Segundo os censos agropecuários de 1988 e 2002, nesse período desapareceram 25% das propriedades agropecuárias (104 mil propriedades rurais). Há concordância entre os cientistas sociais que o número de propriedades rurais continuou em queda, mas não há censo agropecuário completo nos últimos 14 anos. Dados do INTA (Instituto Nacional de Tecnologia Agropecuária) confirmam a concentração de terras: 2% das propriedades agropecuárias contam com 50% da terra cultivável.

A Rede Agroflorestal Chaco Argentina (Redaf) é um espaço interdisciplinar formada por 15 organizações que trabalham no norte do país. Salienta os conflitos de terra e ambientais que acontecem na região conhecida como “Chaco argentino” (Formosa, Santiago del Estero, Chaco, leste de Salta, norte de Santa Fe e Córdoba). Em março de 2013, publicou seu relatório “Conflitos sobre posse de terra e ambientais”. Apontou 248 disputas territoriais, que afetam 1.580.580 pessoas em uma superfície de 11.824.660 hectares. A maioria dos conflitos (oito de cada 10) começou em 2000. “Coincide com o impulso do modelo agroexportador e a expansão da fronteira agropecuária na região chaquenha”, assinalou nas conclusões.

A Redaf explica que para o setor privado (empresários e produtores capitalizados) e o Estado, “o que está em jogo é a imposição de uma forma de produção baseada no agronegócio em grande escala, destinada sobretudo à exportação. A terra representa para eles um bem econômico necessário para produzir com rentabilidade, sem se importar com os custos ambientais, culturais e sociais que implicam”.

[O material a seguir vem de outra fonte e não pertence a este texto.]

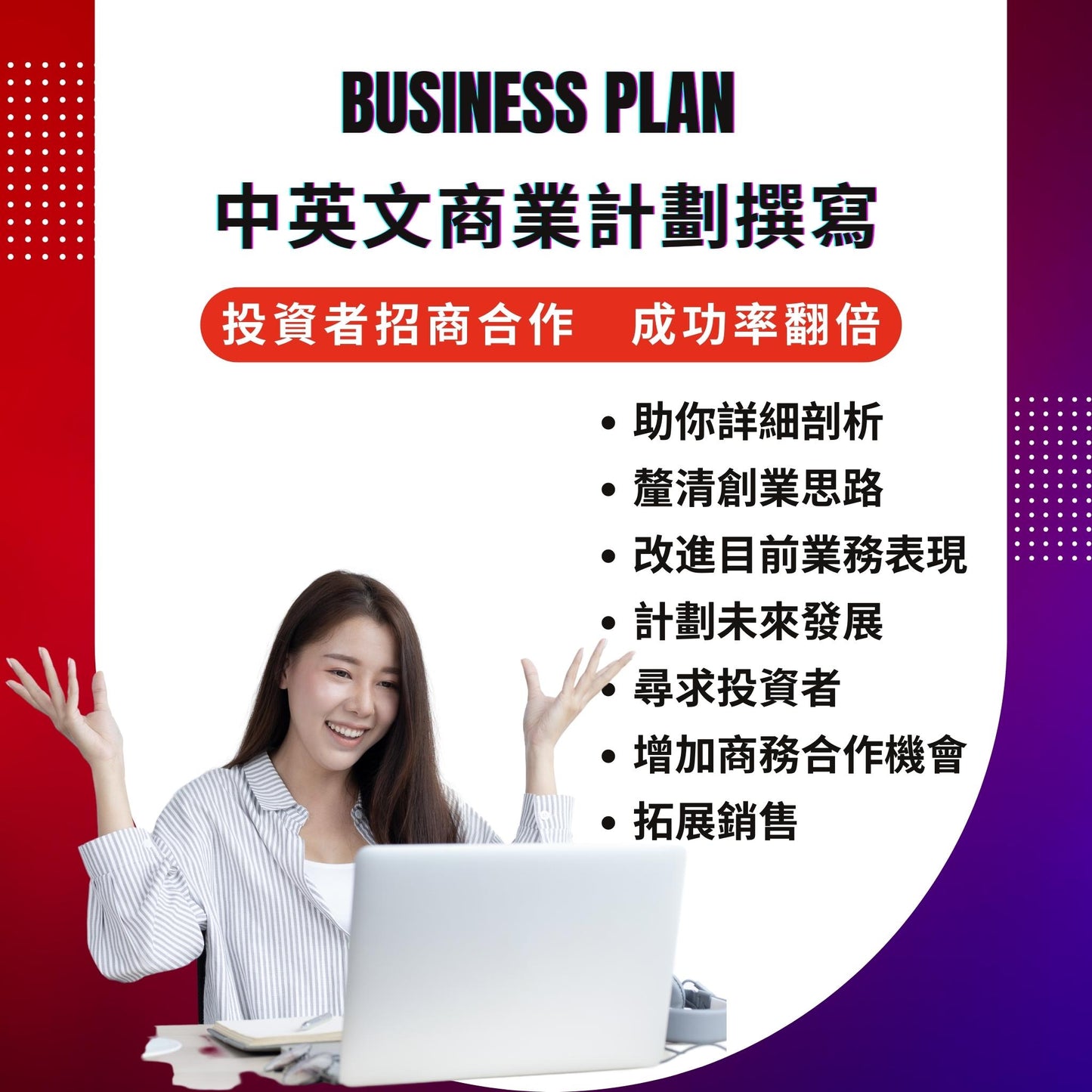 006 | 中英文商業計劃撰寫 ( 投資者 買家接洽 | 移民  )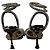 Pompes à bride cheville ornées d'un nœud léopard Mach & Mach en polyester noir - vue 6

A Rede de Médicos de Povos Fumigados precisou que o uso de agrotóxicos passou de 30 milhões de litros em 1990 para 300 milhões anuais em 2011 (200 milhões são glifosato). Passou-se de dois litros do herbicida glifosato para entre oito e 12 litros. O Instituto Nacional de Tecnologia Agropecuária (INTA), em sua recente publicação “Os venenos agregados ao solo e seu destino no ambiente”, chamou a atenção para o fato de que os agroquímicos permanecem seis meses no solo, afetam cursos de água e questionam o fato de que a Argentina seja o país que mais faz uso de químicos e menos “eficiente” é na produção de grãos.

“O atual modelo de agricultura industrial ou modelo extrativista quis que a química (os praguicidas) controlasse a biologia, simplificando assim a tomada de decisões. No entanto, neste modelo, não se teve em conta que o uso excessivo de agrotóxicos coloca em sério risco o recurso solo”, afirmaram os investigadores do INTA.

Andrés Carrasco, cientista que em 2009 confirmou os efeitos letais do glifosato e depois sofreu um ataque das corporações transgênicas (falecido em 2014), definiu o modelo da agricultura química na Argentina como um “experimento massivo a céu aberto”.